When the news that government security forces were rounding up and torturing gay men broke on April 1, Kadyrov spokesman Alvi Karimov denied the allegations, calling it an April Fool’s Day prank. “If there were such people in Chechnya, law enforcement agencies wouldn’t need to have anything to do with them because their relatives would send them somewhere from which there is no returning,” he ominously stated.
But according to British Minister of State Sir Alan Duncan, sources say that Kadyrov wants sexual minorities “eliminated” by May 26. That date, just over three weeks away, is the start of Ramadan, Islam’s most holy month.
“This society is highly homophobic,” International Crisis Group project director Ekaterina Sokiryanskaya told The New York Times. “Homosexuality is condemned. It is believed Islam considers it a great sin.”
Whether Kadyrov, a devout Muslim, truly intends to abolish the gay community in the coming weeks remains to be seen. However, one thing is clear – the repeated attempts to deny violence have only sparked further examination.
Novaya Gazeta’s shocking report has fixed a spotlight on Chechnya, at great risk to the journalists there, who are now under threat. Activists are also endangered. When demonstrators rallied at a May Day parade to protest the violence, 20 of their members were arrested by police.
Although the newspaper’s exposé did not instigate an official Russian investigation; it certainly sparked international outcry. As journalists dug for the truth, interviewing survivors and escapees, the truly horrific nature of the atrocities – electrocutions, beatings, forced confinement, starvation and even murder – came to light.
Honor killings are one of the most disturbing facets of the epidemic. Legal in many fundamentalist Muslim cultures, they have been utilized by Chechen leaders to force families of gay men to make an impossible decision.

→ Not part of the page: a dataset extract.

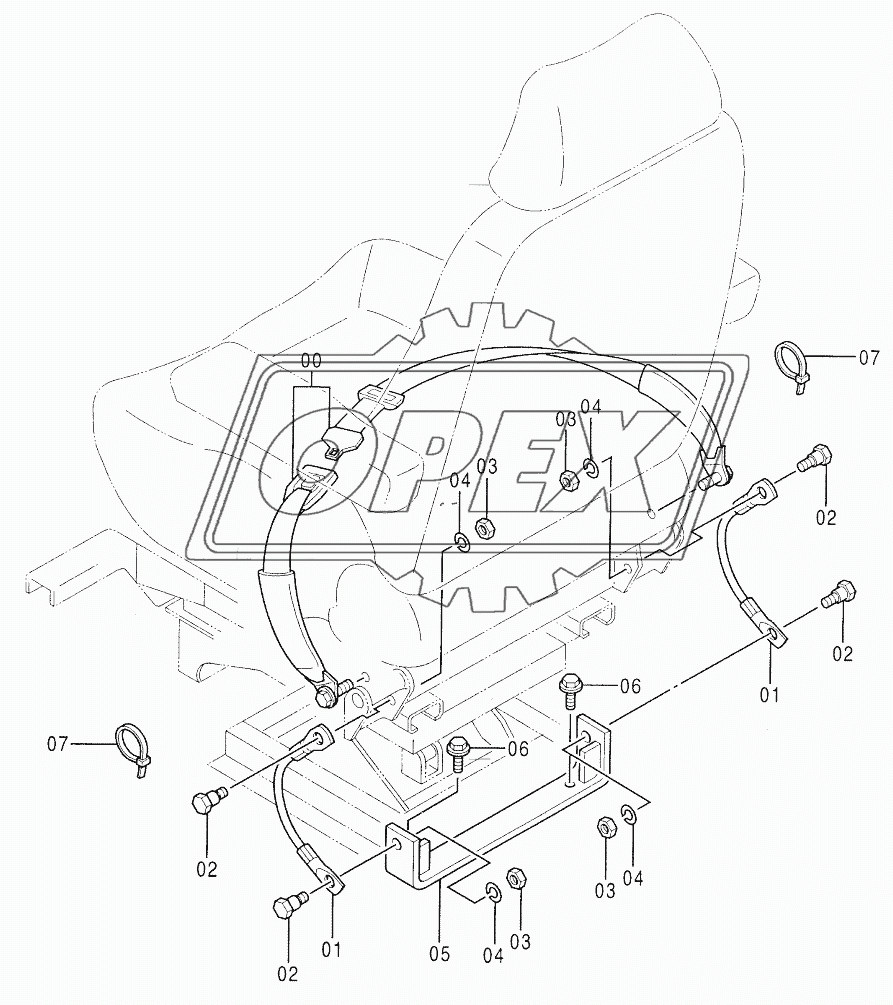 SEAT BELT Serial № 08859-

“They tell the parents to kill their child,” one survivor who asked to remain anonymous recounted to LGBTQ Nation. “They say, ‘Either you do it or we will.’ They call it, ‘Cleaning your honor with blood.’”

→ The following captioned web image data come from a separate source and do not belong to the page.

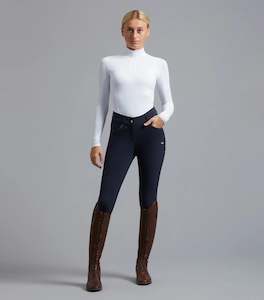 Premier Equine Moneta Ladies Riding Breeches (navy or black)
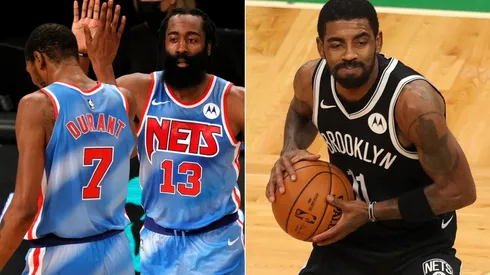 Kevin Durant, James Harden y Kyrie Irving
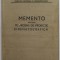 MEMENTO PENTRU TEHNICIENII DE PROIECTIE CINAMTOGRAFICA de E. RADO si G. HOCHMEISTER , 1967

Despite censure from the U.S. and other foreign governments, Vladimir Putin has failed to condemn the Chechen “anti-gay pogrom,” as New York Times Moscow Correspondent Andrew Kramer aptly termed it.
"We've heard some very negative reports about how homosexuals are treated in Chechnya,” German Chancellor Angela Merkel said on May 2, according to CNN. “I asked Mr. Putin to use his influence to ensure the rights of such minorities.”

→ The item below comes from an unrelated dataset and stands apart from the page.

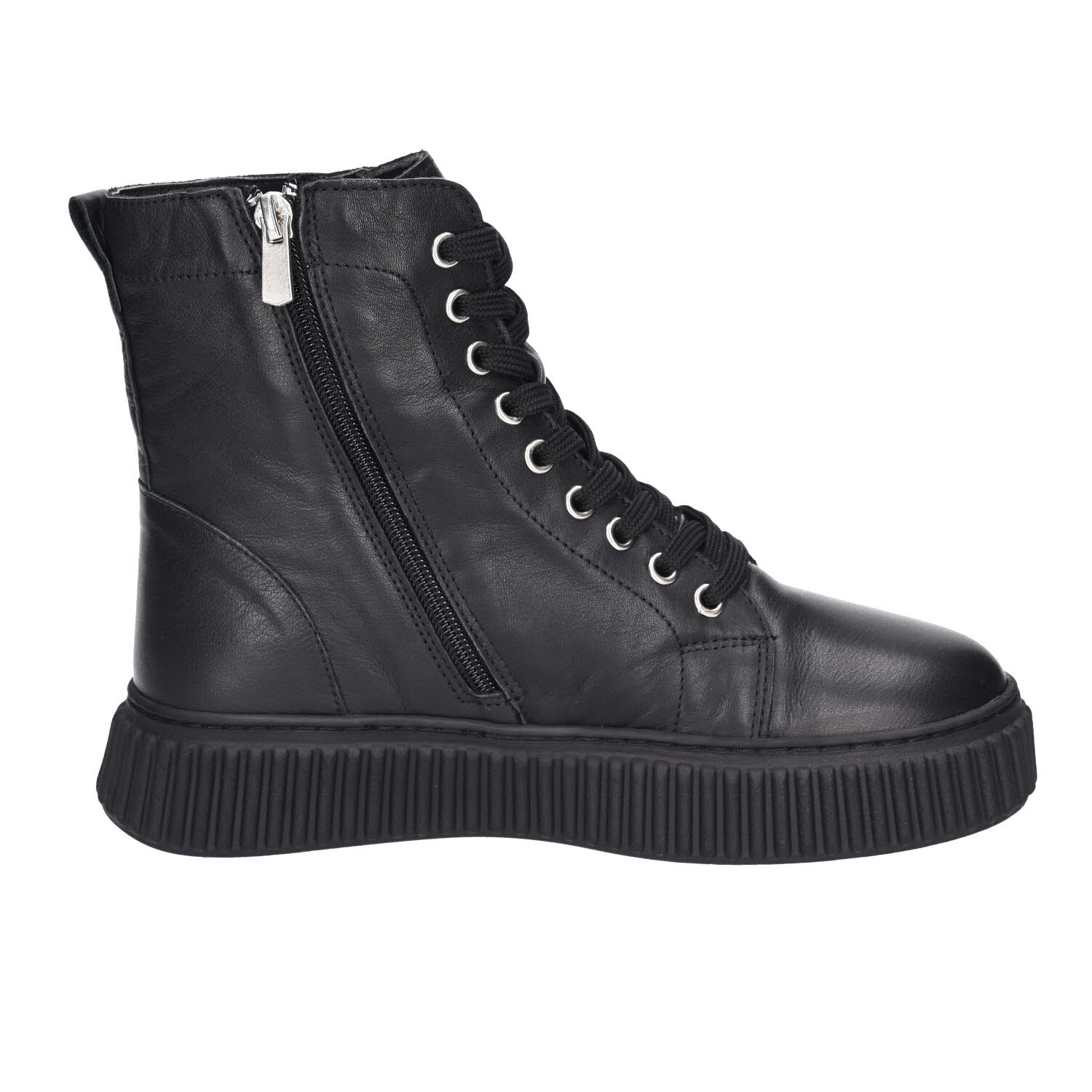 Andrea Conti Boots Leder Black schwarz Bild 4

But Putin’s own spokesman, Dmitri Peskov has denied the evidence of targeted arrests of sexual minorities.
Although the U.S. State Department condemned the violence early on, it is unclear whether President Trump broached the subject with Putin on the two leaders’ phone call yesterday afternoon.
At this point, Russia’s string of human rights abuses is long. Last month, the Kremlin banned Jehovah’s Witnesses from the country, seizing and liquidating church buildings and supplies. Although the United States Commission on International Religious Freedom condemned the move, the network evening news shows remained mum.
The Kremlin’s stance on these issues might be expected, but the nets’ yawning is inexcusable.